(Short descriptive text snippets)
BEGIN
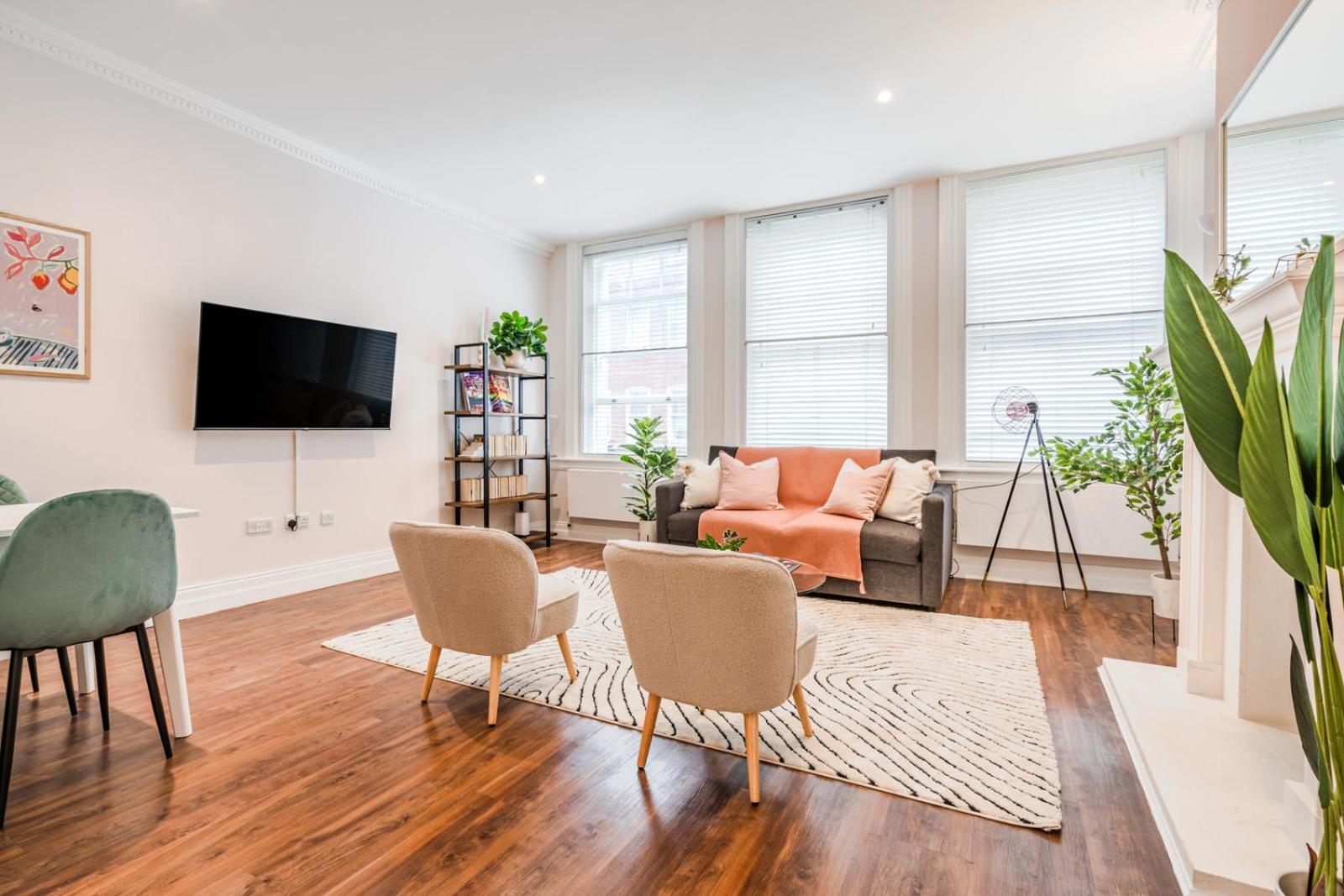 Be London - The Soho Residences Экстерьер фото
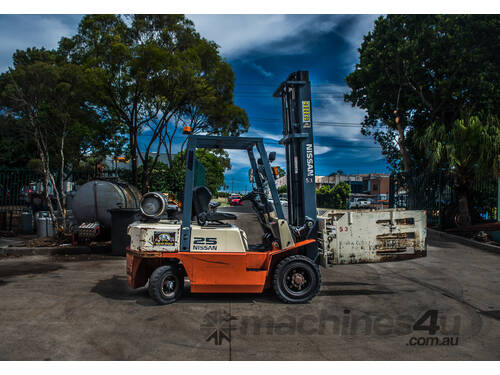 Nissan 2.5 tonne forklift with clamp - SOLD AS IS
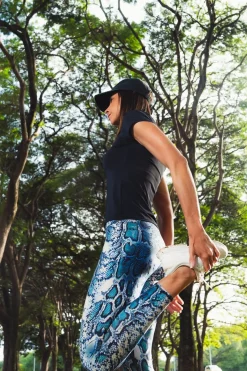 Dona Jo leggings & capris><noscript><img width=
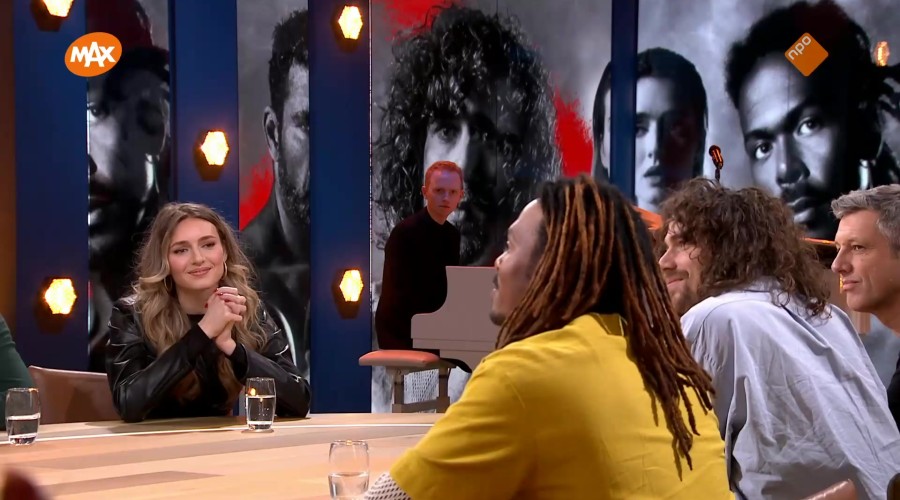 Jezus (Jeangu Macrooy), Judas (Lucas Hamming) en Maria Magdalena ...
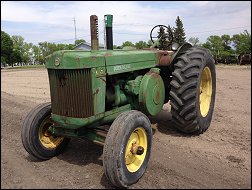 John Deere Model R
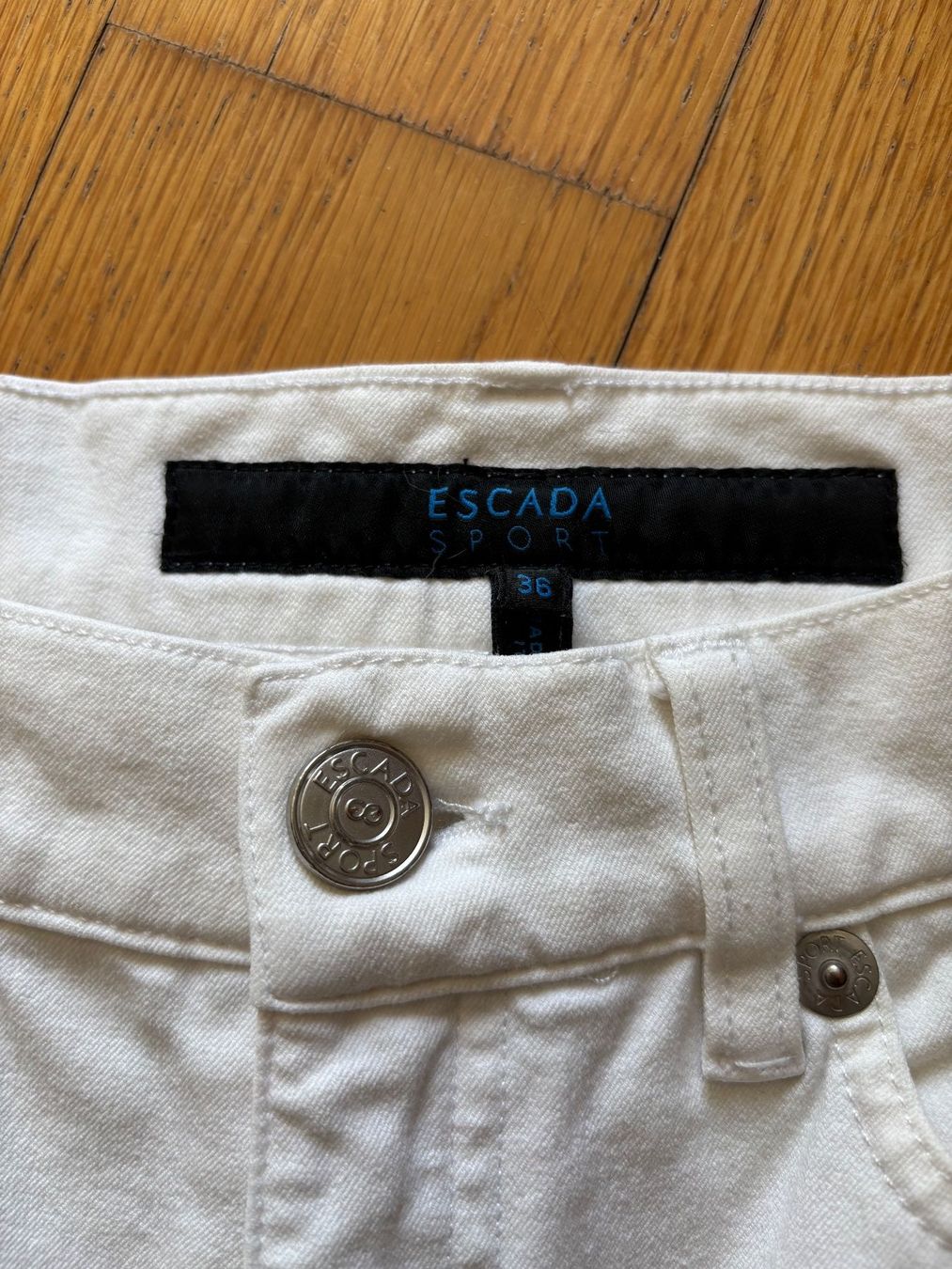 Escada Jeans: Escada Jeans Damen – Usato da Gümligen venduto da ZepIV 2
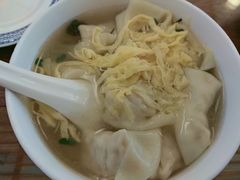 -笑来喜馄饨小笼工坊店(湖滨街店)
END
● EXERCISE GOAL: Set down word for word every line from the line containing "John Deere Model R" through the last line of the entries, and nothing more; no pictures.

● ANSWER BOX:
 John Deere Model R
 Escada Jeans: Escada Jeans Damen – Usato da Gümligen venduto da ZepIV 2
 -笑来喜馄饨小笼工坊店(湖滨街店)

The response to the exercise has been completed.